In the last few years, Code LLMs have rapidly made their way into more and more programming tools. However, the quality and reliability of Code LLMs is highly language-dependent: they can be remarkable on high-resource programming languages, but are far less impressive at working with low-resource languages (Cassano et al., 2023). It is possible that in the near future, a large number of programmers will expect LLM-based technology to just work, just as many programmers today expect syntax highlighting, continuous analysis, or type-based completion in their programming environments. We hope that MultiPL-T—a methodology for generating large-scale, high-quality fine-tuning datasets in low-resource languages—will help low-resource languages compete in a world where many developer tools rely on Code LLMs.

The MultiPL-T fine-tuning data (and code) are also open: they are constructed from the StarCoder training data (The Stack) and augmented by StarCoder itself. We deliberately do not use a more capable proprietary model to fine-tune an open model. This allows us to demonstrate that fine-tuning on MultiPL-T data is more effective and efficient than training longer on existing data. We evaluate MultiPL-T in several other ways, including a new benchmark that exercises in-context learning and a qualitative evaluation of coding style. When compared to other fine-tunes of the same base model, MultiPL-T achieves state-of-the-art results for Julia, Lua, OCaml, R, and Racket.

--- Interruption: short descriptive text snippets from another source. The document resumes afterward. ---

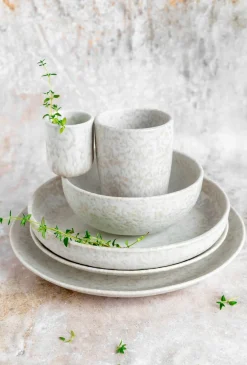 Geschirr-Set, Steinzeug Alpenwiese Beere / Creme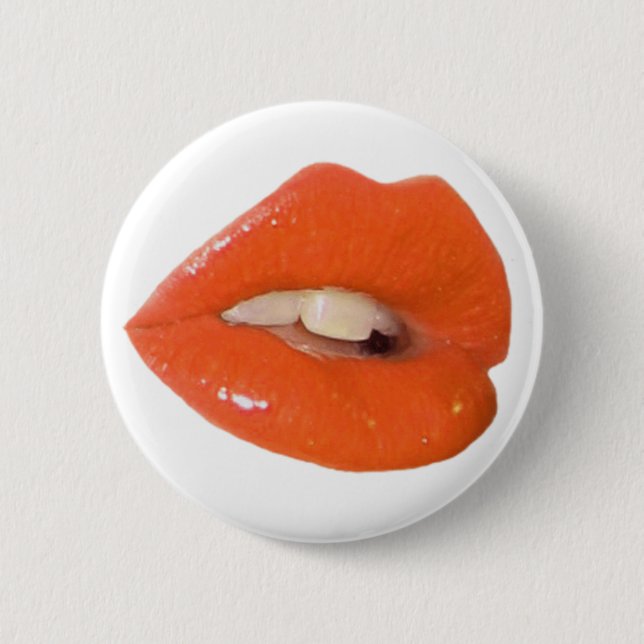 Orange Toxic Kiss 6 Cm Round Badge (Front)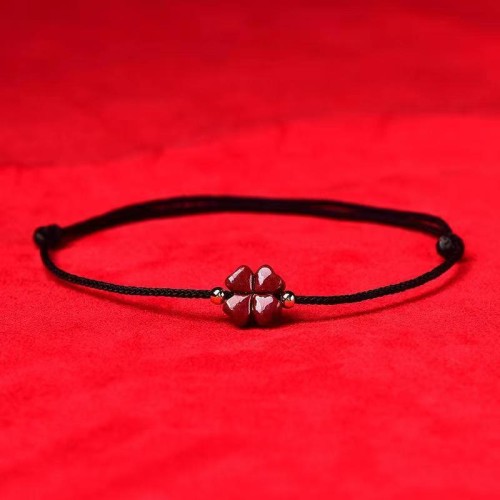 Natural Cinnabar Four Leaf Clover Blessing Bracelet Anklet Natural Cinnabar Four Leaf Clover Blessing Bracelet Anklet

Data-Availability Statement

All code, data, and models from this paper are available with open licenses. Code: available on GitHub and archived on Zenodo; Datasets: available on Hugging Face; and Models: available on Hugging Face. In particular:

  1. (1)

    A guide to reproduce the results in this article is available at doi.org/10.5281/zenodo.12453932.

  2. (2)

    The MultiPL-T datasets are available at doi.org/10.57967/hf/2941 with links to several models fine-tuned on these datasets.

Acknowledgements

We thank Loubna Ben Allal, Harm de Vries, Joydeep Biswas, Matthias Felleisen, Shriram Krishnamurthi, and Leandro von Werra for helpful conversations. Thanks to Leandro von Werra for including the MultiPL-T datasets in the StarCoder2 training corpus. We also thank the OOPSLA reviewers for their feedback. We especially thank the artifact evaluation committee for their patience reviewing our complex artifact, as well as the AEC chairs (Guillaume Baudart and Sankha Narayan Guria) for facilitating review. This work used computing resources provided by Northeastern Research Computing, New England Research Cloud, and Joydeep Biswas (UT Austin). Federico Cassano was affiliated with Roblox for most of his work on this paper. This work is partially supported by the National Science Foundation (SES-2326173, SES-2326174, and SES-2326175).